John Black, an eminent Australian scientist, lamented the decline of statistics and rigour in experimental design and statistical methodology. We all know the refrain “lies, damned lies and statistics”. However, if we do not have a rigorous framework for designing and analysis of data then we are faced with fake news or statements that cannot be challenged. There is a lot of that around these days.
The argument advanced here is that we need to do things properly, with rigour and be assessed by proper peer reviews in established journals if we are to rely on statements from various groups and influence policy. The data need to be collected by accepted methodology and rigorously reviewed by others in a peer review process and be open and accessible to other groups for further investigation.
Bad policy works in an environment where statements cannot be challenged. Data need to be available and open to challenge either in measurement or in interpretation. This was very evident in a paper by Ederer who outlined the bad science behind statements about red meat and its health and environmental dilemmas by distinguishing between scientific truth and scientific evidence, the latter being preferred. He was one of the driving forces behind the Dublin accord to enlist animal scientists to support a data driven rigorous approach to assessing the role of animals in society.

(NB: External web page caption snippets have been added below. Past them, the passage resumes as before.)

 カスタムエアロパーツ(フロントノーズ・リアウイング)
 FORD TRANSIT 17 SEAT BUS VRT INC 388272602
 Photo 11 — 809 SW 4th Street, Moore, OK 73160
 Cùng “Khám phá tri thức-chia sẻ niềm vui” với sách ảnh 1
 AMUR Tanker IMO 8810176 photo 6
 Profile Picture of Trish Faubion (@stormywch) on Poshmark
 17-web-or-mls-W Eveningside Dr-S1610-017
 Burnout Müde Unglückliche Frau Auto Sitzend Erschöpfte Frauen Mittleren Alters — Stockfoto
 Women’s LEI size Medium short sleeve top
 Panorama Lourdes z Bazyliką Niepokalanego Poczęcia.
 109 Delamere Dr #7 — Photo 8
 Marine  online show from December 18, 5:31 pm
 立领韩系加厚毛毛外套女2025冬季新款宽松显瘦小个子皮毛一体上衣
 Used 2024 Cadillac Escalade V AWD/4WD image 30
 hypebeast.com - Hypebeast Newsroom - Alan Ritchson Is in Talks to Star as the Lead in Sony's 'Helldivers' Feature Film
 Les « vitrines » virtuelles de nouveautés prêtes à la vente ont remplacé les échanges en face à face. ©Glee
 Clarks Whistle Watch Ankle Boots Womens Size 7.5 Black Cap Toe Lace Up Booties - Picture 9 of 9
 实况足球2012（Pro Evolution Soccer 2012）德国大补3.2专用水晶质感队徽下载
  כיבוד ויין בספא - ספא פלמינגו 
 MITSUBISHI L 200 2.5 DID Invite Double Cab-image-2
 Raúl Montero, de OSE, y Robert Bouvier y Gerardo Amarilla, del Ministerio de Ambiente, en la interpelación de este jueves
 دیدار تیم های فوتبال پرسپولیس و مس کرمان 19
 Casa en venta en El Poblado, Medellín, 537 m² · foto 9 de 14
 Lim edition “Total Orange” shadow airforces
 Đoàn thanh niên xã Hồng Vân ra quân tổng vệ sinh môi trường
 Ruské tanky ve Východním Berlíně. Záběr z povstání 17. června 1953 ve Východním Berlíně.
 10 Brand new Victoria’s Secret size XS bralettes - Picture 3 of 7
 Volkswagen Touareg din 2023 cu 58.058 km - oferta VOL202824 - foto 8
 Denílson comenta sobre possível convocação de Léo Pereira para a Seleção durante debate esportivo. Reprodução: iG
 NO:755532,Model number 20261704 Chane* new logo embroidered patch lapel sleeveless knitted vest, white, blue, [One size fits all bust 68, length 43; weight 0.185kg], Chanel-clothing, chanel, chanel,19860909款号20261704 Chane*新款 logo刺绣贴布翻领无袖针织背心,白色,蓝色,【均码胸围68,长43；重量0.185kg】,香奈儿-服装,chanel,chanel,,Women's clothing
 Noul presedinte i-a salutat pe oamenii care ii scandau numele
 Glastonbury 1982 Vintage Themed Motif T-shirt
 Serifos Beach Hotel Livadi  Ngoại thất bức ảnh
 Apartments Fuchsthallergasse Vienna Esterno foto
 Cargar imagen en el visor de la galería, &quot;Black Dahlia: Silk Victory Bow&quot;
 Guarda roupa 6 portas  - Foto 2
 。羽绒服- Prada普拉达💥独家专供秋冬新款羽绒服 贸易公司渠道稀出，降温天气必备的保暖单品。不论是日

Pethick and colleagues described the situation as “Advances in the nutritional sciences, agriculture, animal production and agronomy are based on quantification. The quantitative evaluation of evidence is the core strength of the scientific approach used by these disciplines and has been responsible for major gains in food production efficiency over the past century. However, public debate around complex societal challenges may at times be conducted without a strong quantitative base, often leading to suboptimal outcomes in understanding, legislation, and behaviour change”.
Recently in Beef Central, Gilliland outlined the need to measure C stores accurately and to quantify the current state of farms with respect to C storage. An important message was to measure things accurately with accepted methodology and to then interpret whether farms in Ireland were or were not storing C and the differences between systems. There was no preconceived idea. The cards fell where they fell and hoping that your system might be better or feel good was not an option.
One of the challenges faced in extensive grazing lands and undertaking experiments on pasture and animal production and landscape attributes such as carbon storage is that these systems are highly variable, both spatially and over time. Large climatic variability from year to year can make it challenging to interpret findings i.e. there is a lot more “noise” and the signal can be harder to find. For example, climate variability can have a stronger effect on soil carbon than grazing or vegetation management so teasing apart these influences can be tricky, especially when it is tied to formal credit schemes.
An important approach to overcoming some of this variability and developing more rigorous conclusions is to undertake long term experiments. Unlike the Rothamsted experiments, some of which have been running for over 100 years, Australia has been loathe to invest in long term experiments.
Two of these of which we are familiar in the north have yielded results way beyond their original expectations. We refer to Orr’s experiment with grazing on Mitchell grassland at Toorak research station and O’Reagain’s experiment at Wambiana, Charters Towers both of which received modest funding and required inventive ways by the chief scientists to keep running. These are the types of experiments needed to understand the dynamics in complex ecosystems and provide reputable data, gathered in a statistically appropriate manner with data freely available to be assessed by any scientist of any ilk. They will stand us in good stead to provide information to policy makers about the sustainability of our practices or otherwise. We need to change if the data show otherwise.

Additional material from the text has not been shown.